*PROBLEM*
Below are records with pictures in them. Transcribe everything from the line containing "Telefon Samsung Galaxy" down to the line containing "(14) OFFICE CUBICAL WALLS / DIVIDERS", exactly, and leave the pictures behind.

*RECORD EXCERPTS*
++++++++++

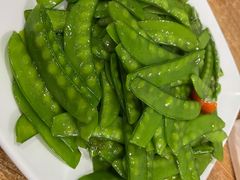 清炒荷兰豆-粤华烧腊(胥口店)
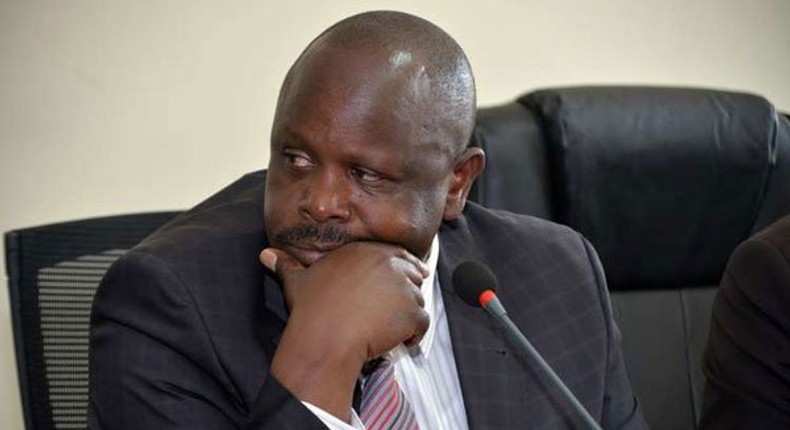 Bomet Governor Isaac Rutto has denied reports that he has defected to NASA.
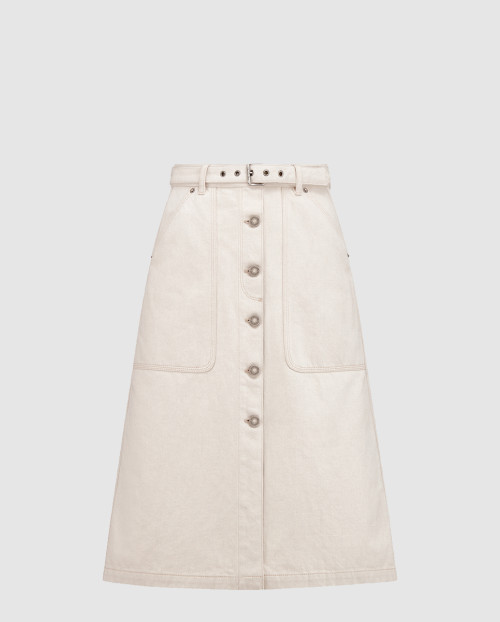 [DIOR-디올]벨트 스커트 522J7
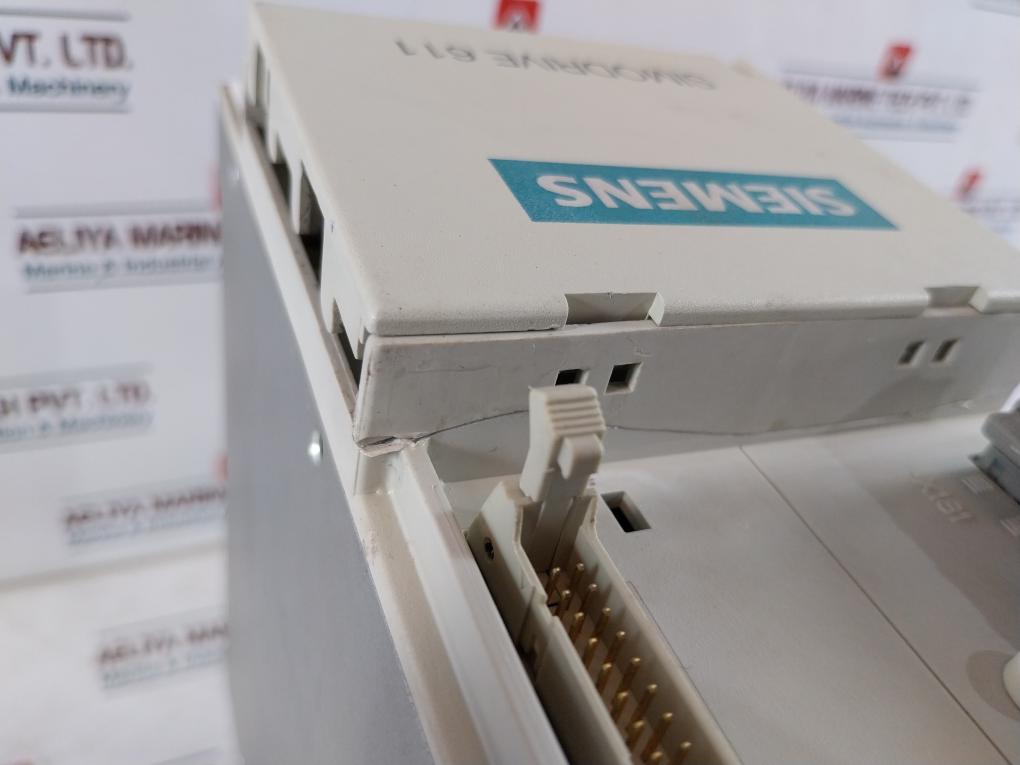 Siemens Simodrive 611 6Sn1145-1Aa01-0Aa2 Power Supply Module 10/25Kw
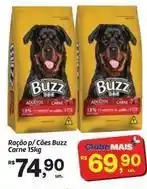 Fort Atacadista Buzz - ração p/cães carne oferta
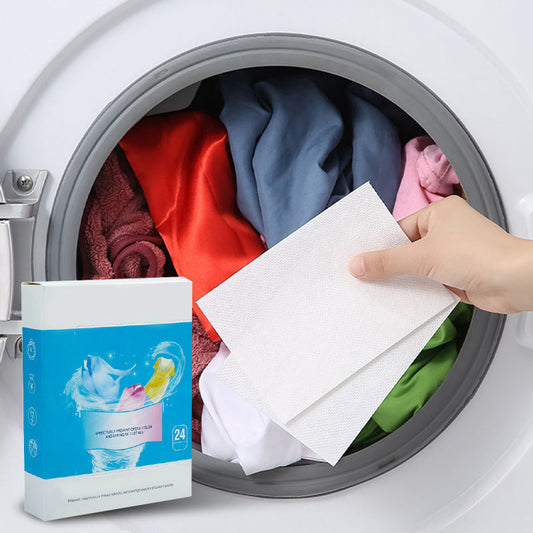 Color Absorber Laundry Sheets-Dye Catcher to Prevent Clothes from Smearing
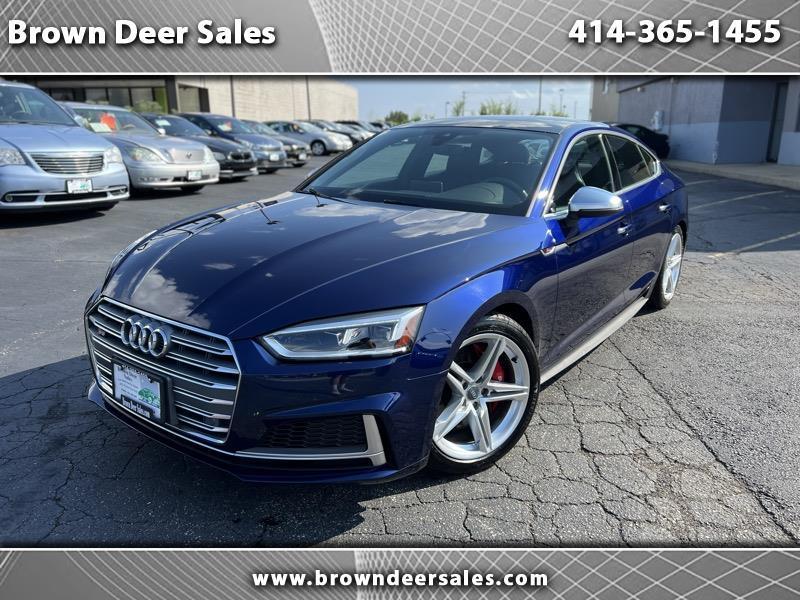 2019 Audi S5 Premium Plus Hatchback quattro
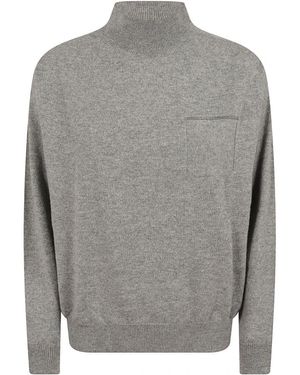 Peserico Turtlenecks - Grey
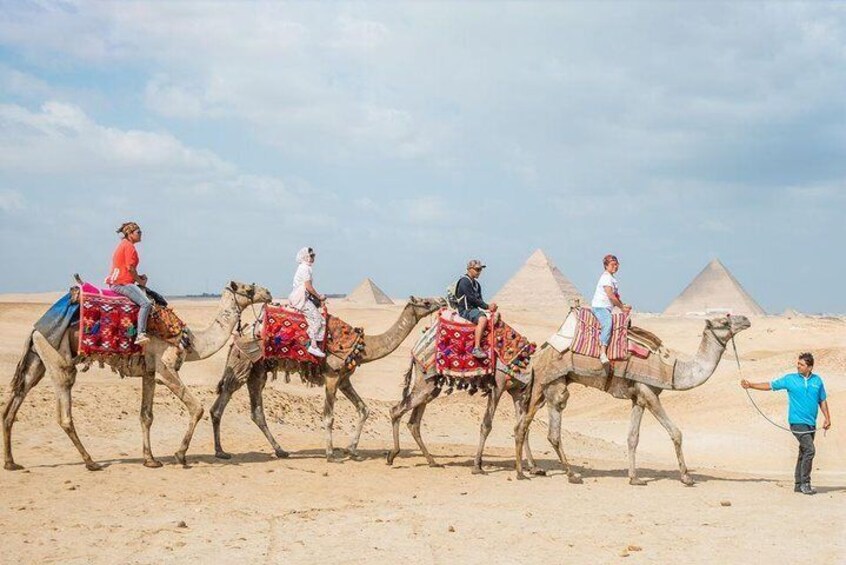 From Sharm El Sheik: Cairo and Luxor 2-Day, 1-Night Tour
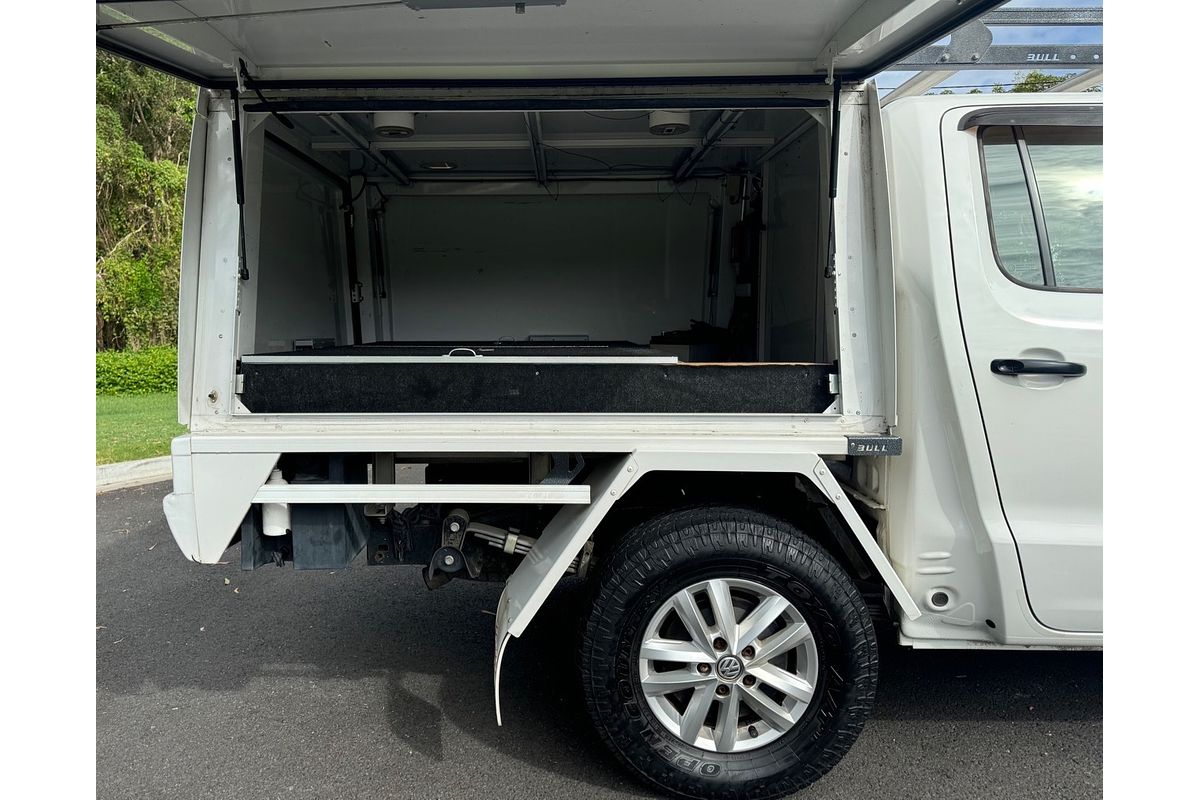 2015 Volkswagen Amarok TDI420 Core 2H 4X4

++++++++++

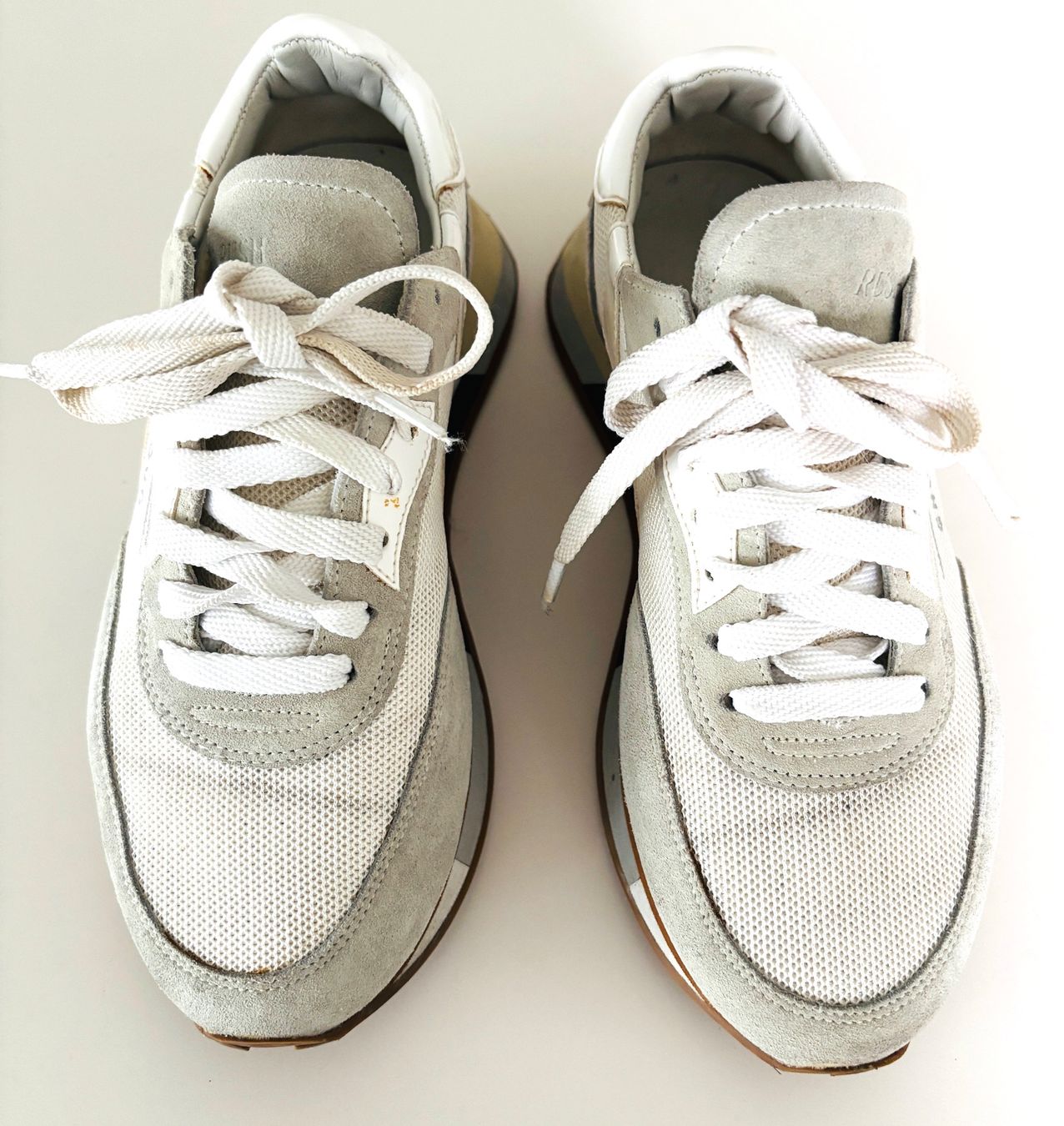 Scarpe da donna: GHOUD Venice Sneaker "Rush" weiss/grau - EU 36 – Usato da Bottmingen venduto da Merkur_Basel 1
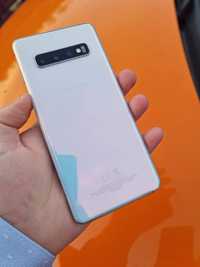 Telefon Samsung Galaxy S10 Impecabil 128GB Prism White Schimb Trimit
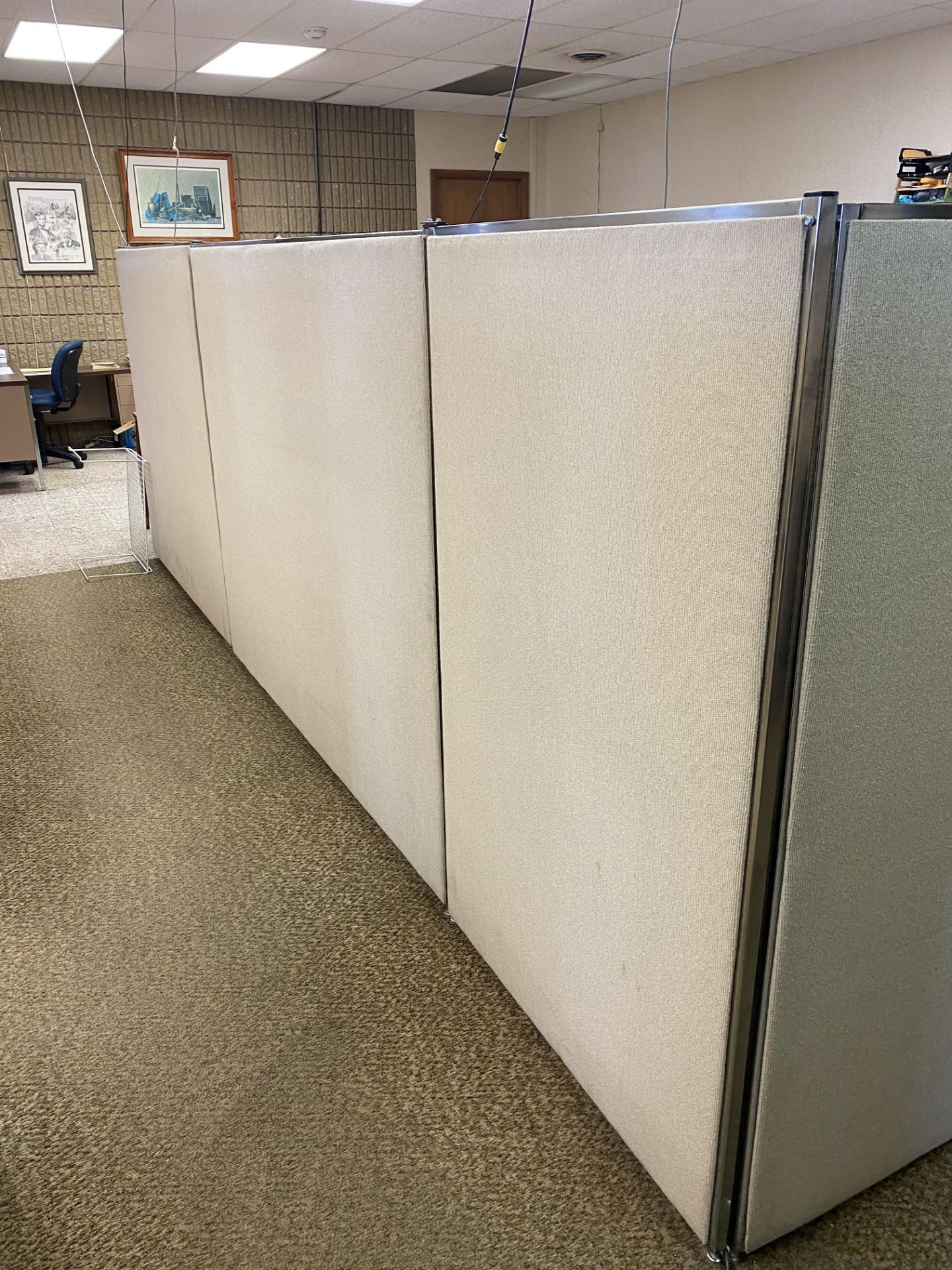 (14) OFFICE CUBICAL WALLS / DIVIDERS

++++++++++

*WRITTEN REPLY*
 Telefon Samsung Galaxy S10 Impecabil 128GB Prism White Schimb Trimit
 (14) OFFICE CUBICAL WALLS / DIVIDERS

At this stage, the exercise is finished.